* _WHAT YOU ARE ASKED TO DO_:
Exact copy, pictures excluded: set down only the lines from the one with "现代雕塑小品 野奢公园LOGO" through the end of the entries, keeping both end lines.
···
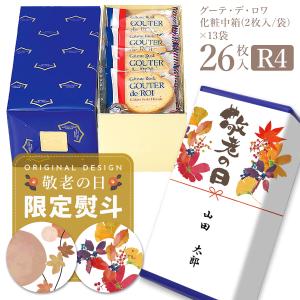 【 熨斗 無料 】ハラダ ラスク ガトーフェスタハラダ R4 13袋26枚入 化粧中箱 グーテ デ ロワ 翌日配送対象 ギフト 通販 2026 ホワイトデー お返し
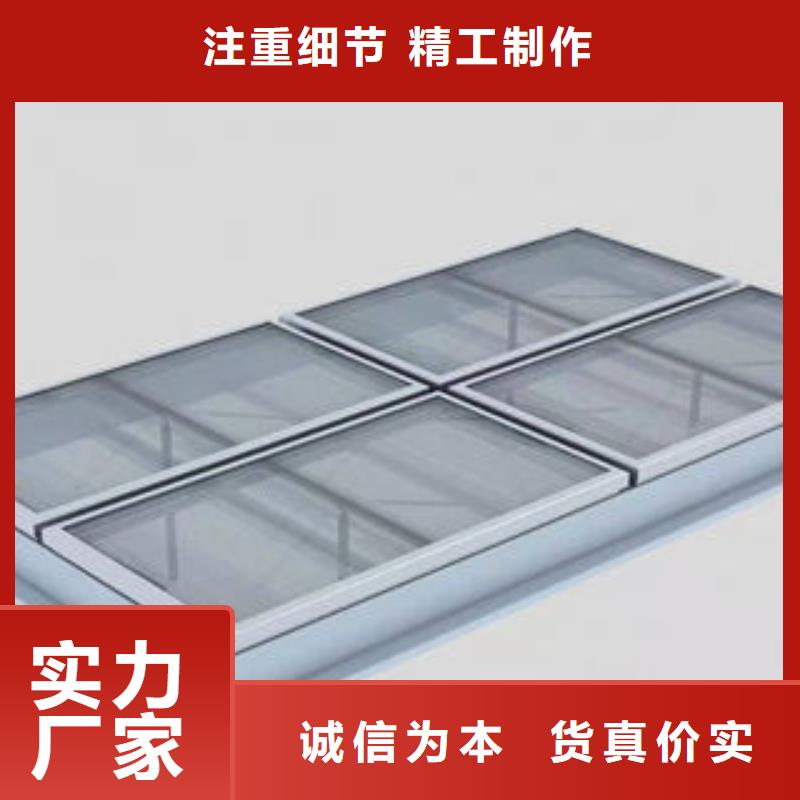 车间通风天窗团队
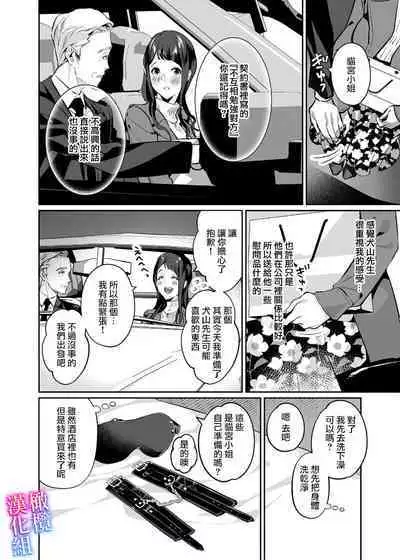 [sinyuu]maria sama no seiyaku～ watasi to zyousi no syuzyuu kankei～01-03｜玛丽亚主人的誓约～ 我和上司的主从关系～01-03[中文] [橄榄汉化组]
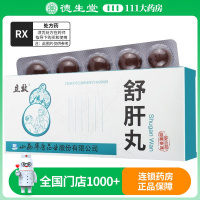 立效 舒肝丸 6g*10丸/盒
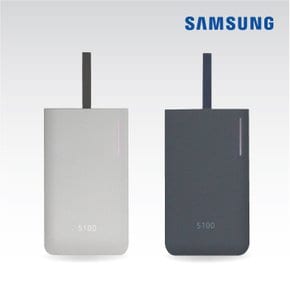 급속 보조배터리 5100mAh C타입 EB-PG950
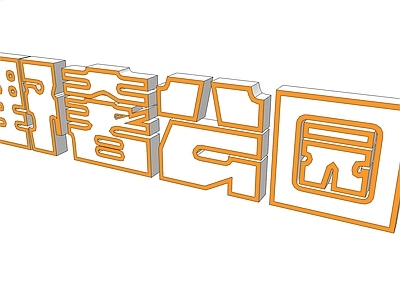 现代雕塑小品 野奢公园LOGO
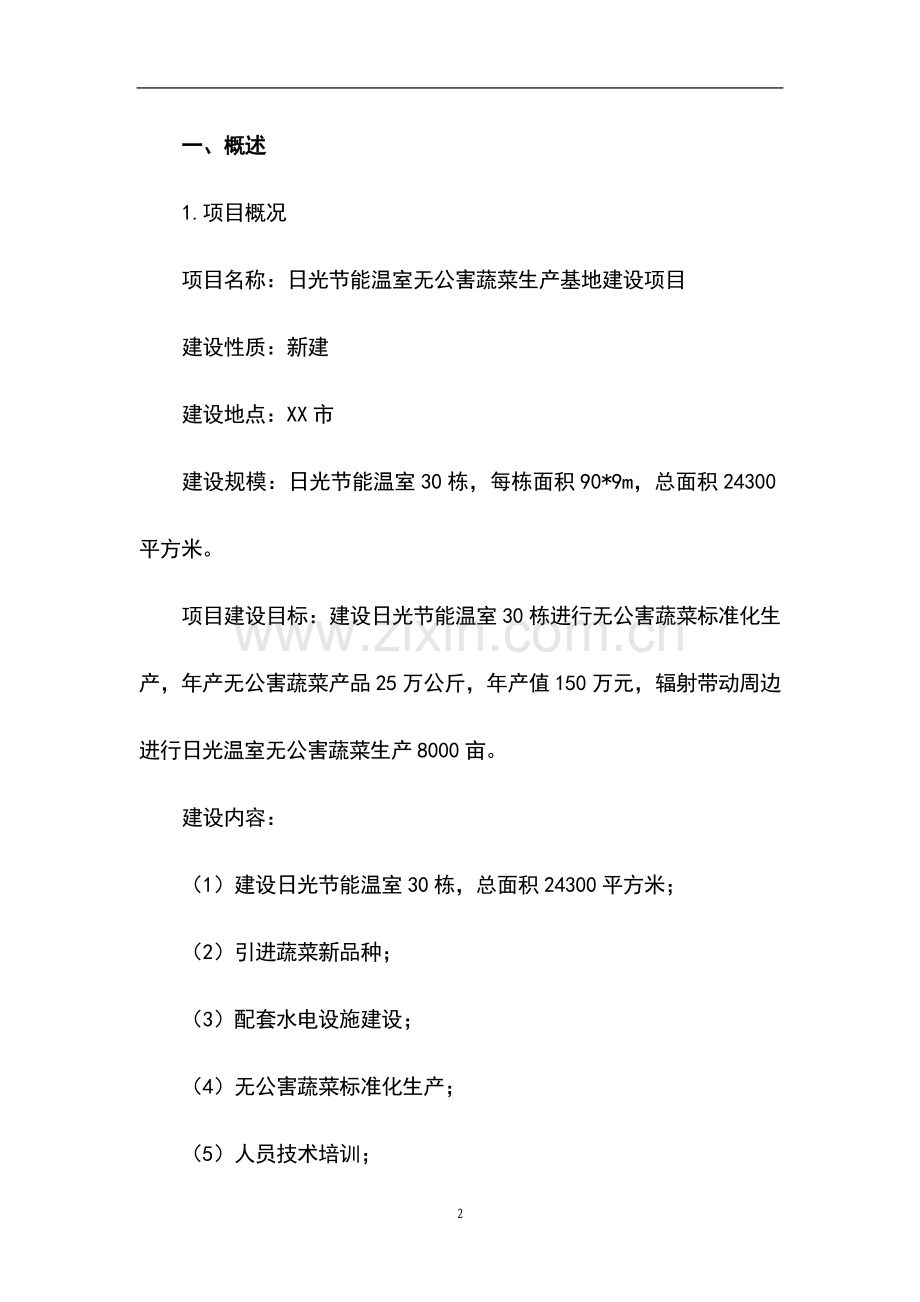 日光节能温室无公害蔬菜生产基地建设可行性研究报告书.doc_第2页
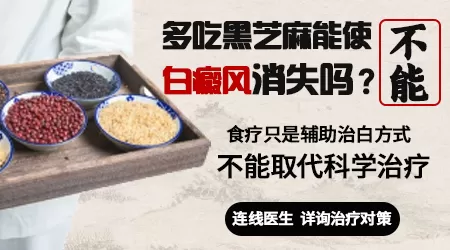 白癜风吃黑芝麻有用吗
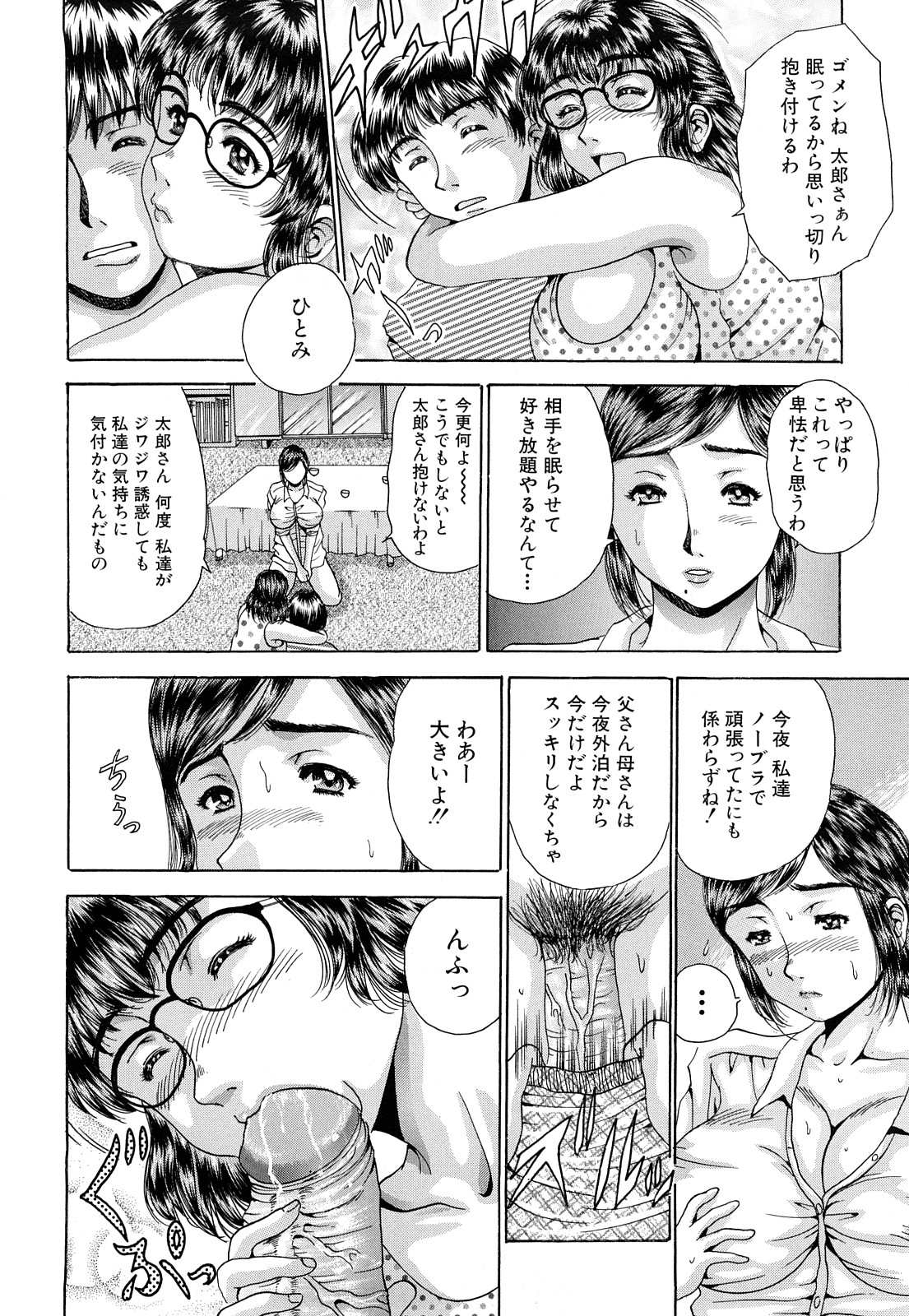 [Satou Masa] Namachichi Paradise page 16 full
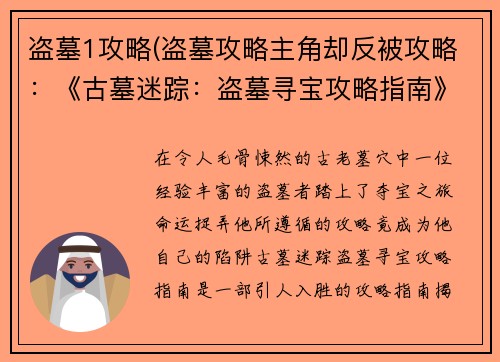 盗墓1攻略(盗墓攻略主角却反被攻略：《古墓迷踪：盗墓寻宝攻略指南》)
···
* _EXERCISE ANSWER_:
 现代雕塑小品 野奢公园LOGO
 日光节能温室无公害蔬菜生产基地建设可行性研究报告书.doc_第2页
 白癜风吃黑芝麻有用吗
 [Satou Masa] Namachichi Paradise page 16 full
 盗墓1攻略(盗墓攻略主角却反被攻略：《古墓迷踪：盗墓寻宝攻略指南》)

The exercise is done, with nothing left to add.